Many of the modules come pre-packaged with distributions such as Anaconda. List the current packages and version numbers.

pip list
   Package                            Version
   ---------------------------------- -------------------
   anaconda-client                    1.7.2
   anaconda-navigator                 1.10.0
   anaconda-project                   0.8.3
   beautifulsoup4                     4.9.3
   conda                              4.9.2
   gekko                              1.0.4

Additional packages for visualization, data science, and machine learning are listed below.


Beautiful Soup

Beautiful Soup is a Python package for extracting (scraping) information from web pages. It uses an HTML or XML parser (lxml) and functions for iterating, searching, and modifying the parse tree.

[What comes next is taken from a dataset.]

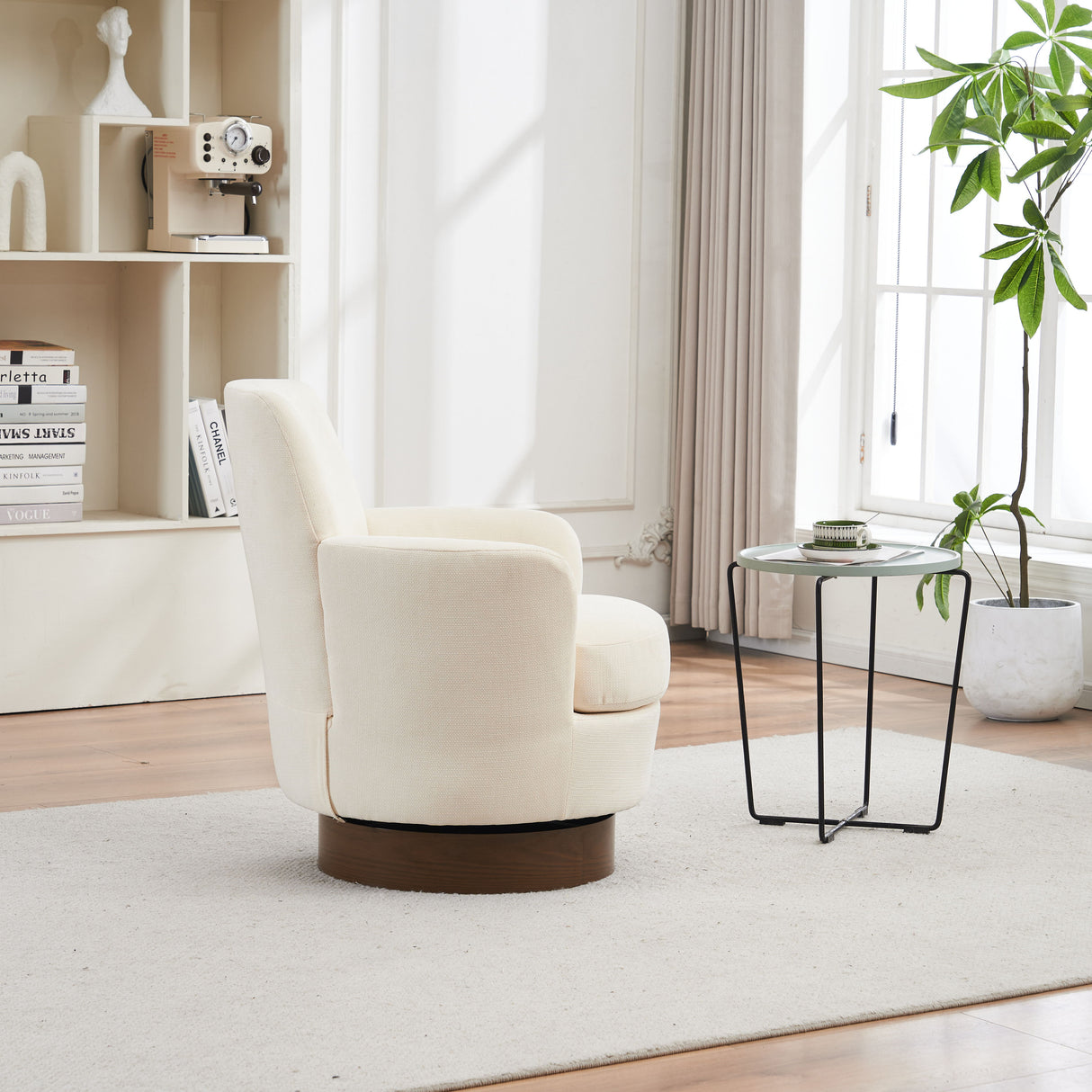 Swivel Accent Chairs Armchair With Stainless Steel Base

pip install beautifulsoup4 lxml

Gekko

Gekko provides an interface to gradient-based solvers for machine learning and optimization of mixed-integer, differential algebraic equations, and time series models. Gekko provides exact first and second derivatives through automatic differentiation and discretization with simultaneous or sequential methods.

pip install gekko

Keras

Keras provides an interface for artificial neural networks. Keras acts as an interface for the TensorFlow library. Other backend packages were supported until version 2.4. TensorFlow is now the only backend and is installed separately with pip install tensorflow.

pip install keras

Matplotlib

The package matplotlib generates plots in Python.

pip install matplotlib

Numpy

Numpy is a numerical computing package for mathematics, science, and engineering. Many data science packages use Numpy as a dependency.

pip install numpy

OpenCV

OpenCV (Open Source Computer Vision Library) is a package for real-time computer vision and developed with support from Intel Research.

pip install opencv-python

Pandas

Pandas visualizes and manipulates data tables. There are many functions that allow efficient manipulation for the preliminary steps of data analysis problems.

pip install pandas

Plotly

Plotly renders interactive plots with HTML and JavaScript. Plotly Express is included with Plotly.

pip install plotly

PyTorch

PyTorch enables deep learning, computer vision, and natural language processing. Development is led by Facebook's AI Research lab (FAIR).

pip install torch

Scikit-Learn

Scikit-Learn (or sklearn) includes a wide variety of classification, regression and clustering algorithms including neural network, support vector machine, random forest, gradient boosting, k-means clustering, and other supervised or unsupervised learning methods.

pip install scikit-learn

SciPy

SciPy is a general-purpose package for mathematics, science, and engineering and extends the base capabilities of NumPy.

pip install scipy

Seaborn

Seaborn is built on matplotlib, and produces detailed plots in few lines of code.

pip install seaborn

Statsmodels

Statsmodels is a package for exploring data, estimating statistical models, and performing statistical tests. It include descriptive statistics, statistical tests, plotting functions, and result statistics.

pip install statsmodels

Temperature Control Lab

The Temperature Control Lab is used throughout the course for hands-on activities such as the Learn Python and Data Science modules. Data can also be generated from a digital twin simulator if a TCLab device is not connected. Use TCLabModel to generate simulated data wherever TCLab is used to connect Python to the physical lab.

pip install tclab

TensorFlow

TensorFlow is an open source machine learning platform with particular focus on training and inference of deep neural networks. Development is led by the Google Brain team.

pip install tensorflow

XGBoost

XGBoost is an open-source in Python and other data science platforms for gradient boosting. Unique features include tree penalization, proportional leaf node shrinking, Newton boosting, and scalable computing architectures. It is frequently the tool of choice of winning teams for Kaggle machine learning competitions.

pip install xgboost